Raimondo Plots Whopping Renewables Increase
The governor of Rhode Island, home to the U.S.’ first operating offshore wind farm, has set forth an ambitious goal to grow renewable energy in the state: Specifically, Gina Raimondo is seeking to increase this sector by a whopping 1,000%.
As explained in a March 1 tweet from Raimondo, the Democratic governor announced the goal at the North Kingstown, R.I.-based Quonset Development Corp., a Rhode Island Commerce Corp. subsidiary:
According to local coverage from Providence Business News, the governor’s goal calls for 1 GW of renewable energy by 2020 – a tenfold increase over the state’s current levels.
The report cites a speech from Raimondo: “Every step we take toward a clean energy future is a step toward a stronger, more sustainable environment and economy.”
In 2016 – the baseline year for the new goal – the state had roughly 100 MW of clean energy, according to a press release from the governor’s office.
“The goal will include energy from a broad portfolio of clean energy resources, including offshore and onshore wind and solar,” the release explains. “Homeowners, municipalities, institutions, and private commercial and industrial enterprises can contribute to the goal with smart investments in clean energy.”

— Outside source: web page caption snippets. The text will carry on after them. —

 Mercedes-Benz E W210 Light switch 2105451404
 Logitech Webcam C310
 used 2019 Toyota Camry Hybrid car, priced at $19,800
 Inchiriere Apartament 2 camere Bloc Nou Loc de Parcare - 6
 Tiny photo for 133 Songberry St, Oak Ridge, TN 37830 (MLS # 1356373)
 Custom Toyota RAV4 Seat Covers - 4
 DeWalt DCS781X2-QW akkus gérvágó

However, the Providence Business News article brings up a notable point: There is not yet any legislation to go along with the governor’s goal. Rhode Island Congressman Aaron Regunberg reportedly said, “We need to actually do some things to reach that goal and get on pace,” considering the state is not currently on track to “take renewable generation to that scale.”

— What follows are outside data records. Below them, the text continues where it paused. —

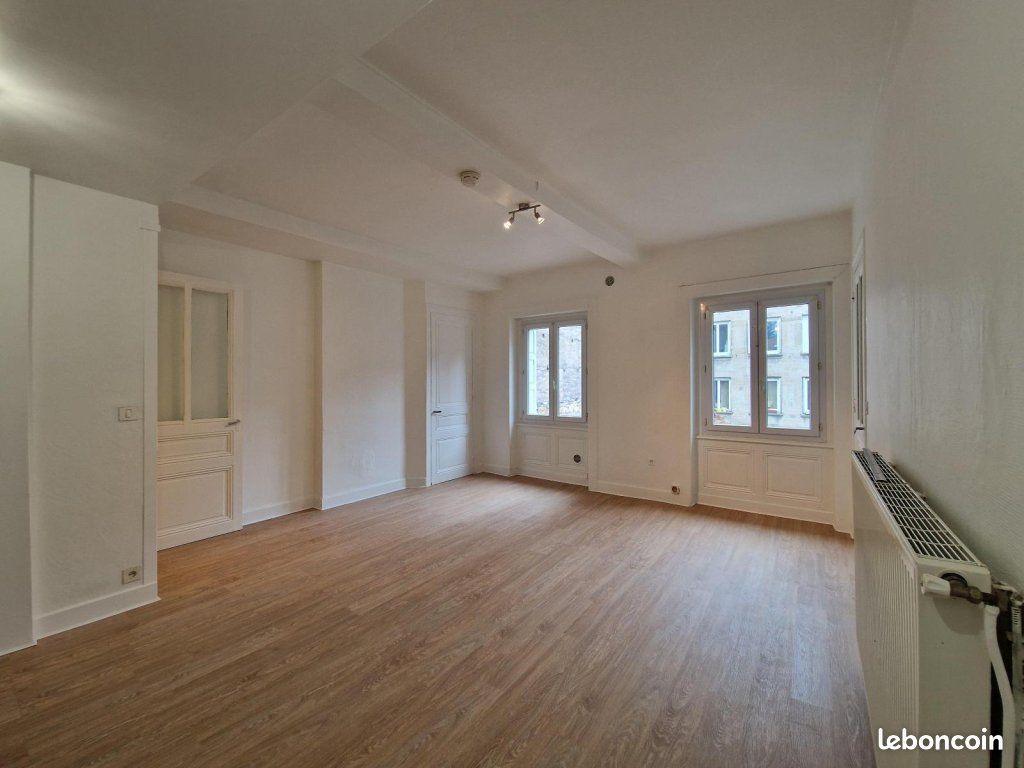 Appartement 2 pièces 43 m² · à Saint-Étienne · 43 m² · 430 €/mois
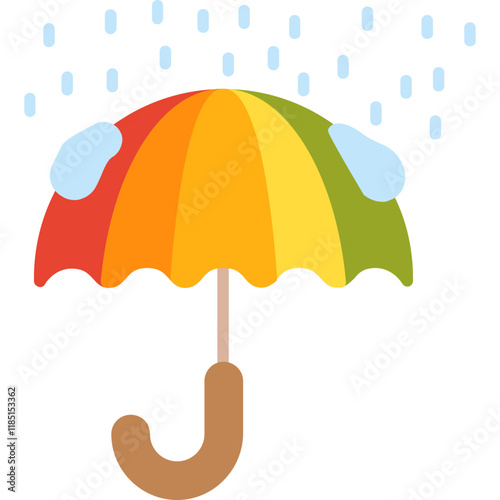 Umbrella Icon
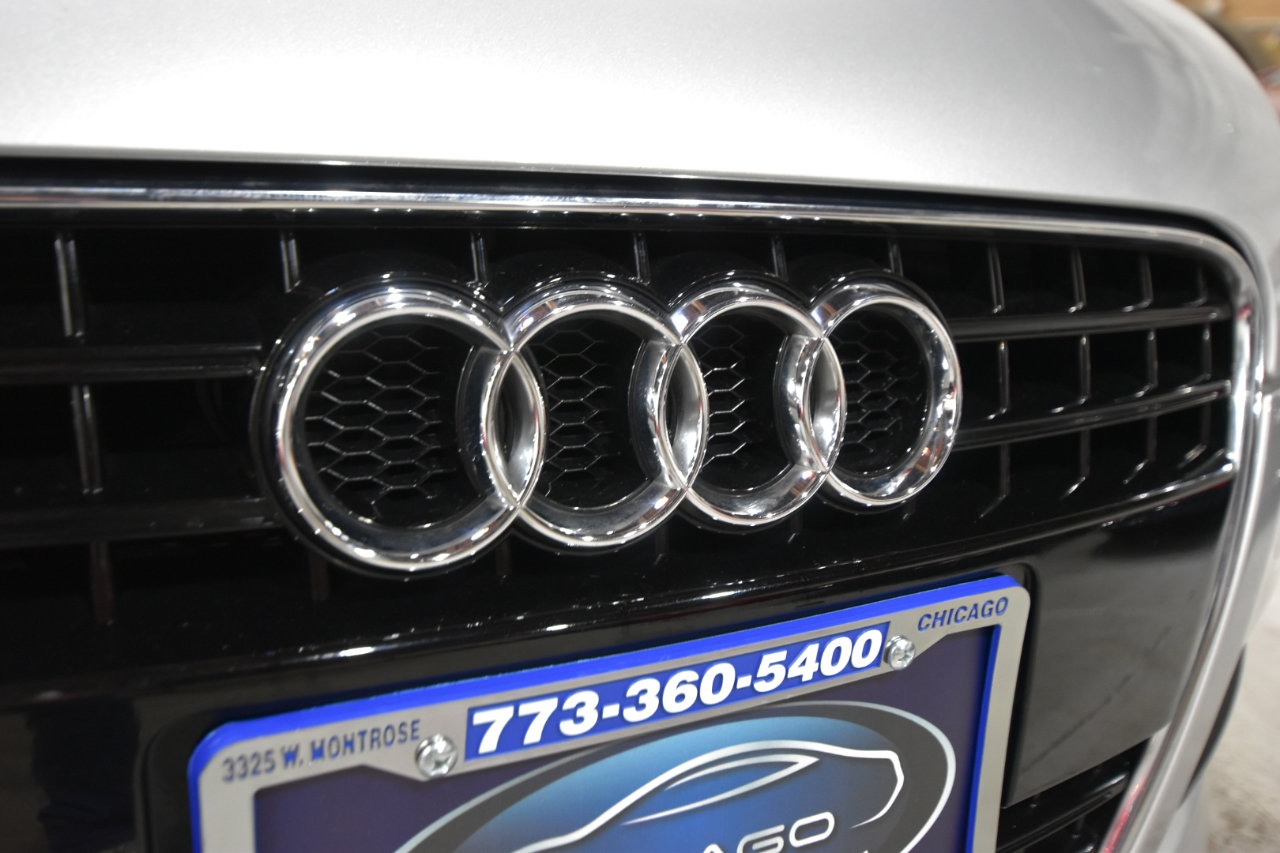 Used 2008 Audi TT 3.2 image 3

Notably, last summer, Rhode Island’s neighbor to the north enacted legislation to cement its renewable energy ambitions. Gov. Charlie Baker, R-Mass., signed into law “An Act Relative to Energy Diversity,” which, among other provisions, requires Massachusetts to generate 1.6 GW of power from offshore wind over the next 10 years.
As of June 2016, approximately 95% of Rhode Island’s net electricity generation was derived from natural gas, according to figures from the U.S. Energy Information Administration.

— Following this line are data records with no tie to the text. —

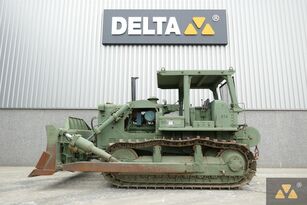 bulldozer Caterpillar D7F Ex-army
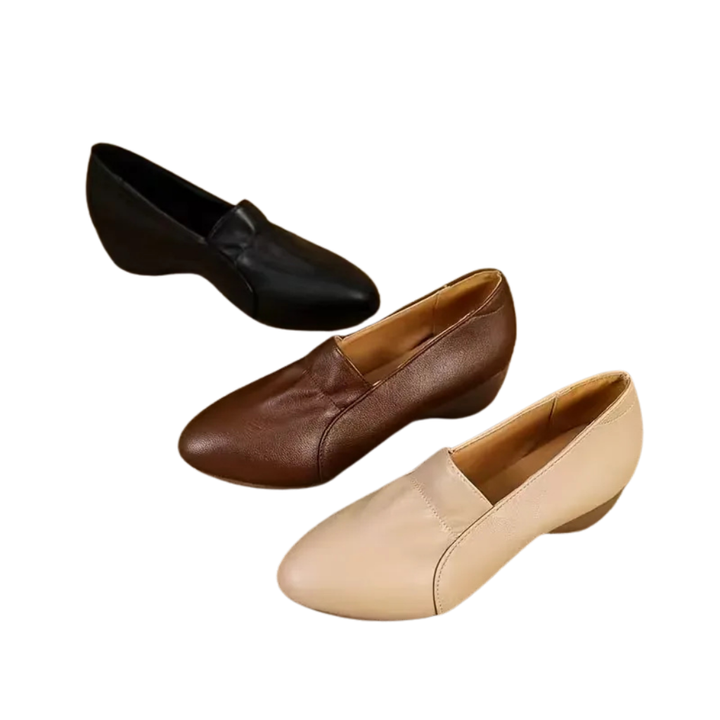 Talons Orthopédiques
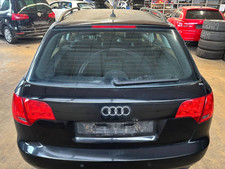 Heckklappe AUDI A4 B7 AVANT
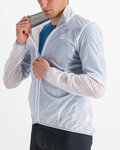SPORTFUL chaqueta cortaviento - HOT PACK EASYLIGHT - blanco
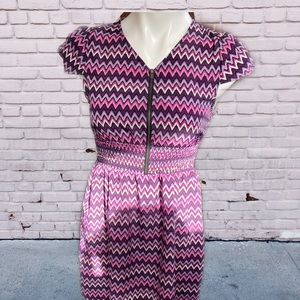 Fire Los Angeles girls dress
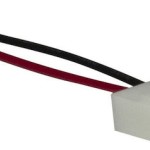 Inter-Tech 88887290 Case Fan 80mm με Σύνδεση 4-Pin PWM 4τμχ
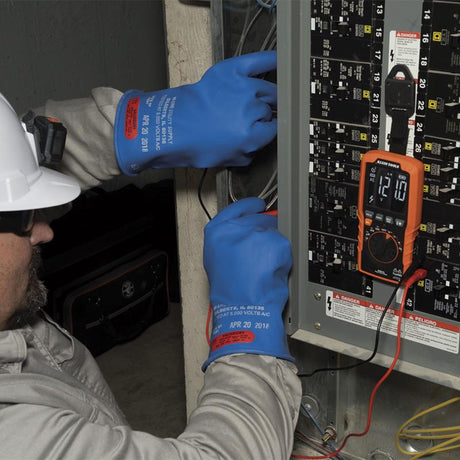 Klein Tools -40-1832 F LCD Multimeter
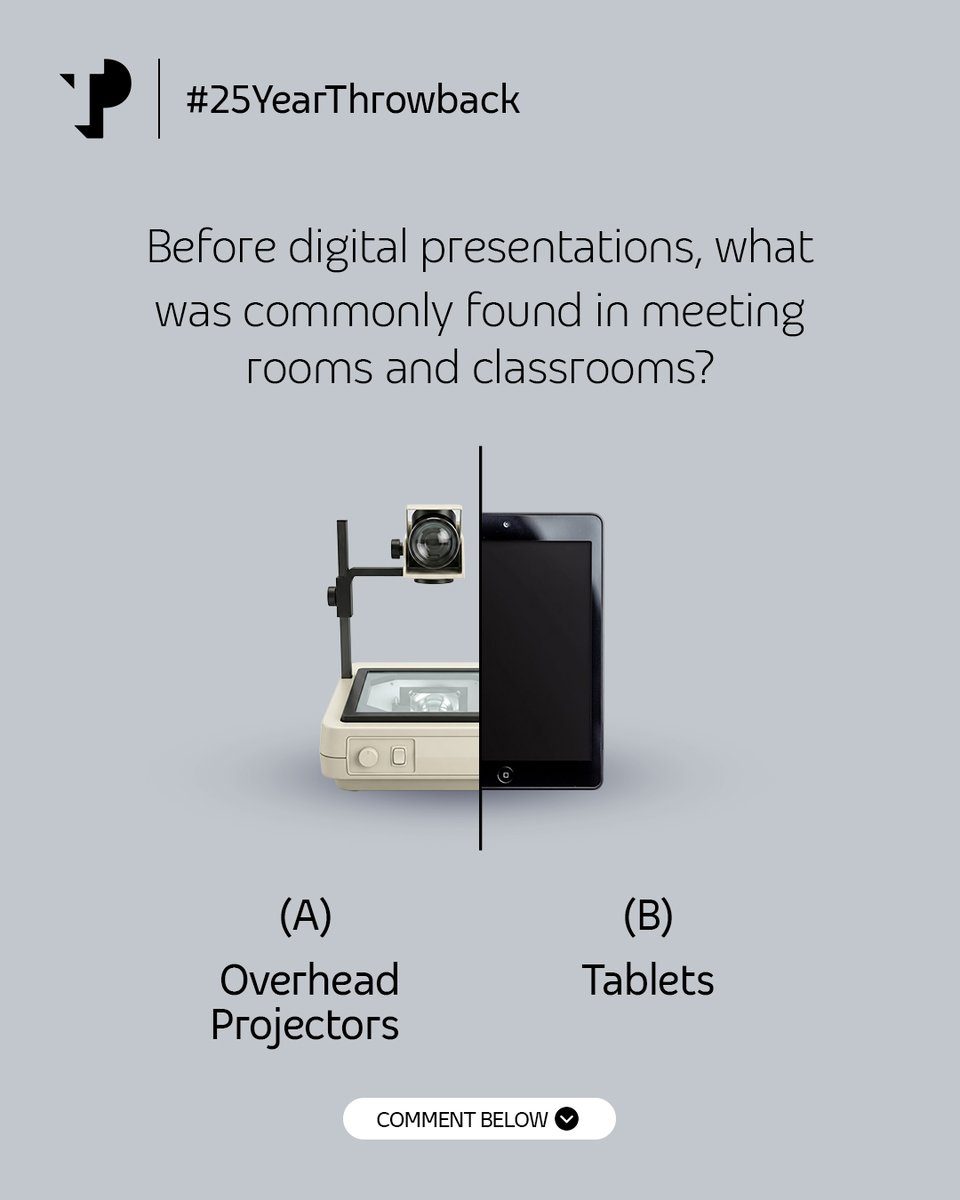 TPIndiaOfficial's tweet photo. Before smartphones, streaming, and the cloud.
The world was a very different place 25 years ago.
Can you guess what it looked like? Play #25YearThrowback and win ₹1000 vouchers!

Rules to play:
Follow @TPIndiaOfficial
Like & share all posts
Use hashtags: # #25YearThrowback #SterlingIndia #TPIndia
Tag @tpindiaofficial + 3 buddies
Multiple unique answers welcome!

Comment your answers 👇
#TPIndia #25YearThrowback #SterlingIndia #ContestAlert #Nostalgia
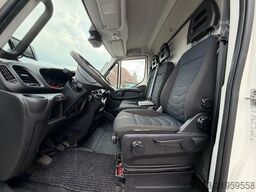 IVECO Daily 70C18 E6 manuell LBW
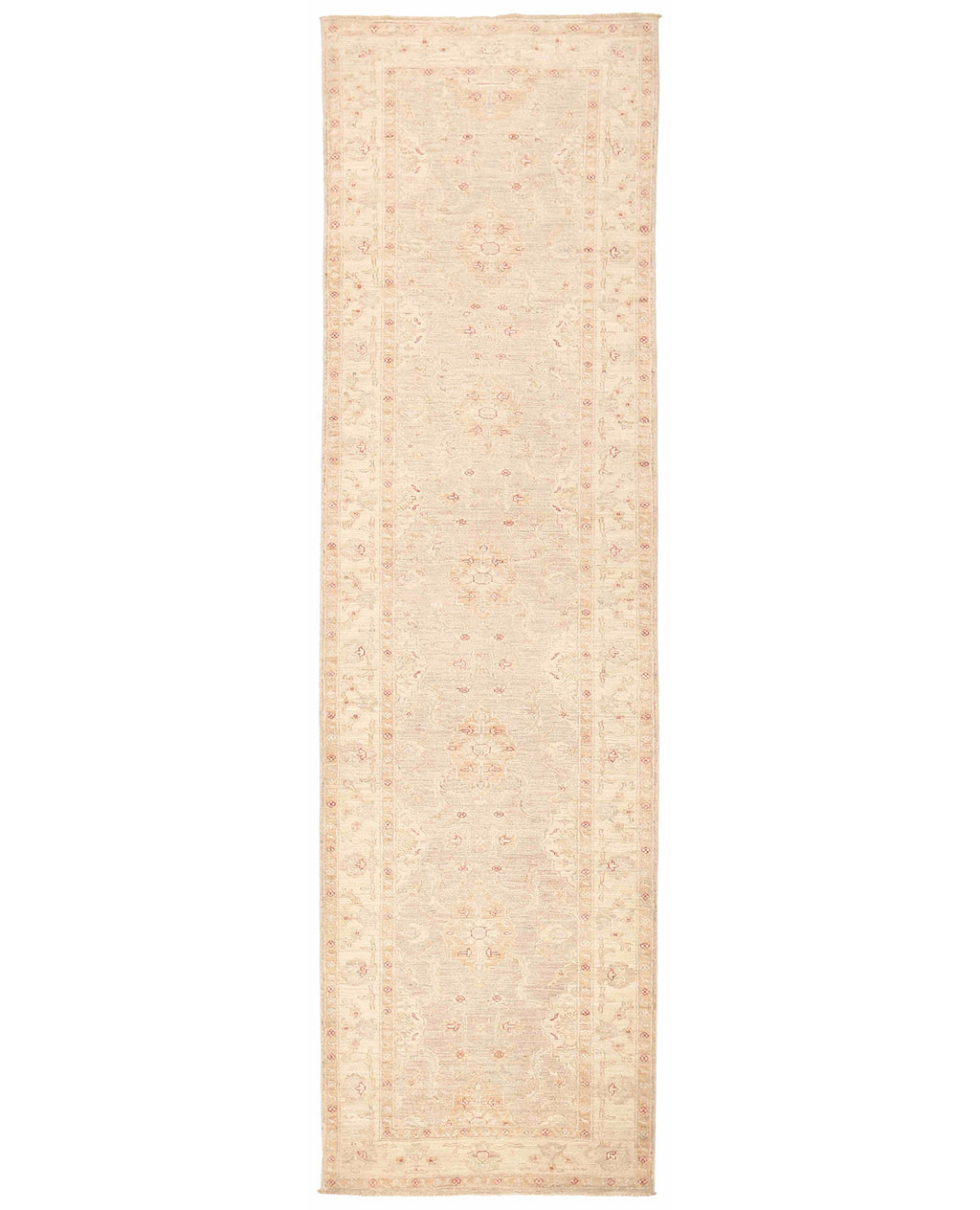 Oushak Collection Rug 3'0''x10'11''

However, according to the “2016 Rhode Island Clean Energy Jobs Report,” clean energy employment, accounting for 13,776 jobs, spiked 40% in 2016 over 2015. (Besides renewables, “clean energy” also includes energy efficiency, renewable heating and cooling, and alternative forms of transportation.)
Although energy-efficiency employment comprised the majority of these jobs (eight out of 10), and renewables accounted for 14%, renewables employment did, however, nearly double its numbers over 2015. Specifically, the report says, this workforce experienced an 84% increase in 12 months with the addition of 907 new jobs.
“While [renewable energy] remains a smaller portion of the clean energy economy, optimism regarding the state’s current offshore wind energy project, as well as third-party ownership and financing of solar projects, may signal that renewable generation is on pace to continue this growth in the short term,” the report says.
Along with Gov. Sam Brownback, R-Kan., Raimondo is head of the Governors’ Wind & Solar Energy Coalition, a renewable energy advocacy group, which recently sent a letter to the Trump administration to emphasize the “boons of renewable energy.”
In December, a big renewables boost came to Rhode Island when Deepwater Wind finished up the 30 MW Block Island Wind Farm, the first offshore project in the U.S. Raimondo noted that she was proud to be governor of the only state with “steel in the water and blades spinning over the ocean.”
Now, Raimondo says in the latest press release, “Our commitment to expand our clean energy portfolio will help lower energy costs, create jobs and protect the beauty of our state for future generations.
“As the technology advances, an affordable, clean energy future is no longer simply a dream. Because of the investments we’ve made and with partnerships across the state, we will increase the amount of clean energy in Rhode Island by 1,000 percent, and we’ll double our green economy workforce,” she says.